Experimenting with voice on the web using the Web Speech Synthesis and Recognition API
The Web Speech API is one of those web technologies that no one ever talks about or writes about. In this blog post, we are going to take a closer look at what the API is capable of, what its limitations and strengths are, and how web developers can utilize it to enhance the user’s browsing experience.
“The Web Speech API enables you to incorporate voice data into web apps. The Web Speech API has two parts: SpeechSynthesis (Text-to-Speech), and SpeechRecognition (Asynchronous Speech Recognition)” — Mozilla Developer Network
Can the Web Speech API be used to interact with complex web forms? This is our research question for this blog post, and we are going to use both parts of the API to answer it. But let’s not get ahead of ourselves, let’s start by learning how the API actually works.

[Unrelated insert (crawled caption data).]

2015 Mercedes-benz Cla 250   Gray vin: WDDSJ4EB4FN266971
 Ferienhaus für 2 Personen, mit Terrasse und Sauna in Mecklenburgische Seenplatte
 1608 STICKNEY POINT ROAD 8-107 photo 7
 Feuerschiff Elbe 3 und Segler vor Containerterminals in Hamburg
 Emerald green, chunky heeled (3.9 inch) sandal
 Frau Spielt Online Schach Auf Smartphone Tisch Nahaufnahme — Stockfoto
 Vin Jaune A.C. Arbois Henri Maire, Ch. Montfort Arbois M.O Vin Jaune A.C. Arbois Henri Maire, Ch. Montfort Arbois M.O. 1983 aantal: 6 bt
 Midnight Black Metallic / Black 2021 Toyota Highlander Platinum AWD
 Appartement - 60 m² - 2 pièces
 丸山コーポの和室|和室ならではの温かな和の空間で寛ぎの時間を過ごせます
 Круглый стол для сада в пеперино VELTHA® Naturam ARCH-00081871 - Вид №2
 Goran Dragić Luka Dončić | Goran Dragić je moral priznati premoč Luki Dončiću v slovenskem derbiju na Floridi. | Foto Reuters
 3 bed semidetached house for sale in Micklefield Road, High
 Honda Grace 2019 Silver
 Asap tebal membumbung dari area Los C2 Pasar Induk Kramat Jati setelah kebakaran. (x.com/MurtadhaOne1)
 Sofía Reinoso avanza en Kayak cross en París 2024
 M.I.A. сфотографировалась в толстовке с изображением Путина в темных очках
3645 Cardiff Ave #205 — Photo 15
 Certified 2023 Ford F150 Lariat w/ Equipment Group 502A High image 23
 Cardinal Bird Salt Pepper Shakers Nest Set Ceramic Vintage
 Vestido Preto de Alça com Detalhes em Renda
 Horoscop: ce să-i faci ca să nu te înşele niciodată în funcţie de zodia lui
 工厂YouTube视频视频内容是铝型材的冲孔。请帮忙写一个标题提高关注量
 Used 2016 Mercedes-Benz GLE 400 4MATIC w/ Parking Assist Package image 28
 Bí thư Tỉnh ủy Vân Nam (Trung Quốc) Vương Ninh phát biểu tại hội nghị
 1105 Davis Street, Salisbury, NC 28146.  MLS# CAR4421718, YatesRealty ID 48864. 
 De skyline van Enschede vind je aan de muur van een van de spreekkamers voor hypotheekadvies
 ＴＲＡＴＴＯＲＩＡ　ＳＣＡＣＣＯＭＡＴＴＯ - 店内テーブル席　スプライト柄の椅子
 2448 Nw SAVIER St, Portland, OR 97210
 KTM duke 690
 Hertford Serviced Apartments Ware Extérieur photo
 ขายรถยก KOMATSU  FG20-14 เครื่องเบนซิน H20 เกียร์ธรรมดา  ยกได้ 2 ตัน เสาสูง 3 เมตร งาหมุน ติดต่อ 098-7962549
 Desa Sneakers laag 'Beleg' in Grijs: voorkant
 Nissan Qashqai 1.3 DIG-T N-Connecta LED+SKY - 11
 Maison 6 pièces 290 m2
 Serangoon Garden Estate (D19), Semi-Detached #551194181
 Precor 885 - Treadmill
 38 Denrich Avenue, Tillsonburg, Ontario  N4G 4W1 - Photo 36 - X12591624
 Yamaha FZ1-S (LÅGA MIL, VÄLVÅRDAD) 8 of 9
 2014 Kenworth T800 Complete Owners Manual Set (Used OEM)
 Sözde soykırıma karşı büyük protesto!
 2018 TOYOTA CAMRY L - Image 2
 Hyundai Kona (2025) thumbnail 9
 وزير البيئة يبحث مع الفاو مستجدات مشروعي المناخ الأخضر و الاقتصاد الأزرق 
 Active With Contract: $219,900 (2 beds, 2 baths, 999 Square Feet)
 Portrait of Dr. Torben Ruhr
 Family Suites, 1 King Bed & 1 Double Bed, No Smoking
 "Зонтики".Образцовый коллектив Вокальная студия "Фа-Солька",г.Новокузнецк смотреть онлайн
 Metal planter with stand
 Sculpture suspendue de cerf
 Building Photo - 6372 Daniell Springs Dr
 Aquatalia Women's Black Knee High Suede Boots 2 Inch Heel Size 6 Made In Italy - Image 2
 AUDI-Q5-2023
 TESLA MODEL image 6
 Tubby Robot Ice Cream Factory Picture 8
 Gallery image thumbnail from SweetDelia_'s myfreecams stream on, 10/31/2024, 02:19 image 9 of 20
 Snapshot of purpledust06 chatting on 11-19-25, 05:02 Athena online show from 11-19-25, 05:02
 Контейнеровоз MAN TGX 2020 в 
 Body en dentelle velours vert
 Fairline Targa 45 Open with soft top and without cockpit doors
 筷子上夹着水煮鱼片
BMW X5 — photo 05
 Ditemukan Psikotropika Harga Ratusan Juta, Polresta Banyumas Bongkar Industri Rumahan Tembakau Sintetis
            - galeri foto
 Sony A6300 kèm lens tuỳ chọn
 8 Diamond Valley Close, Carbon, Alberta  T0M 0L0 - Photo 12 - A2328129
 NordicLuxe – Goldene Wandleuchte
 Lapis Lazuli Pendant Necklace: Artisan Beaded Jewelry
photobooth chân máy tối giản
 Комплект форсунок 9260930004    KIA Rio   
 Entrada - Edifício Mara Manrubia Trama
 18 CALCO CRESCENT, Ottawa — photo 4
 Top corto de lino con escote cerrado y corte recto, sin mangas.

Making browsers talk with Speech Synthesis
Note: Left: Microsoft Edge | Right: Google Chrome
Demo: https://experiment-web-speech.now.sh/pages/blog.html
Controlling the browser’s voice using Speech Utterance
We are going to use the Speech Synthesis API to read out one of our previous blog posts. The speechSynthesis
interface is the service controller. This interface can be used to retrieve the available synthesis voices on the user’s device, play and pause the speech, and much more.
The SpeechSynthesisUtterance
interface represents a speech request. It contains the text that the speechSynthesis
service will read out, and it contains basic information like the voice’s pitch, volume, language, and rate.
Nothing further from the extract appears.